Local and regional markets include individuals and families interested in riding and showing as a hobby.

“It’s an activity that the family does together,” Chris Wilson says, noting that entry-level show horses for this category cost $2,500 to $15,000. “This is kind of an avenue where they can go to get away from normal school activities. They learn discipline, they learn how to take care of an animal and what competition brings to the table.”

Springfield orthopedic surgeon Ed Roeder’s two daughters started with riding lessons and have shown Arabians and half-Arabians for seven years.

“I think they’ve learned a lot of responsibility,” Roeder says. “I think it’s given them a lot of self-confidence.”

Members of the national market sector, Chris Wilson says, buy Arabians purely to show.

“Our target market is the person wanting to go to nationals and win the big honor,” he says.
A potential buyer interested in a 2-year-old prospect show horse likely will spend between $15,000 and $50,000.

“We can help them find a prospect, a 2-year-old that we think has potential,” Chris Wilson says. “We have a lot of prospects here, or we can go shopping.”

What’s next for business
Chris Wilson sometimes enjoys running his business more than training the horses, a statement he thought he’d never make.

“I know the answer I should say, but I enjoy the other quite a bit – trying to run a business, trying to make sense out of a business and trying to make it work,” he says.

He says raising and training horses is a business and not just a passion.

“I suppose I enjoy the business side of it more with age as it’s a little harder to get up on a horse sometimes,” he says, laughing. “Shan would say the horses, because we do this for the thrill of the ride and love of the horse.”

He wants ChriShan Park to grow local business and sees lesson programs and horse show competition as a way to do that.

“We’re not big into lesson programs right now, but I think our business is a great avenue for families to get their kids involved in,” he says.
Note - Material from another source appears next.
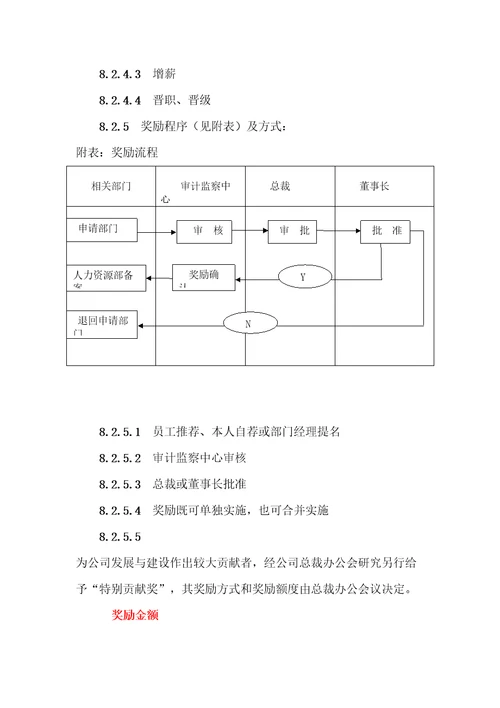 员工激励制度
Lindsay O’Reilly French is one local business owner who is a testament to how horsemanship can be a lifelong hobby.

French received riding lessons for her 7th birthday. That was 24 years ago, and the owner of Springfield yoga and Pilates studio Dynamic Body hasn’t stopped riding.

“It’s a fun thing to do. I show competitively also, but it’s a fun hobby,” says French, who has four horses, all stabled at ChriShan Park. “(It’s) one of the best in the country and just happens to be here in Springfield.”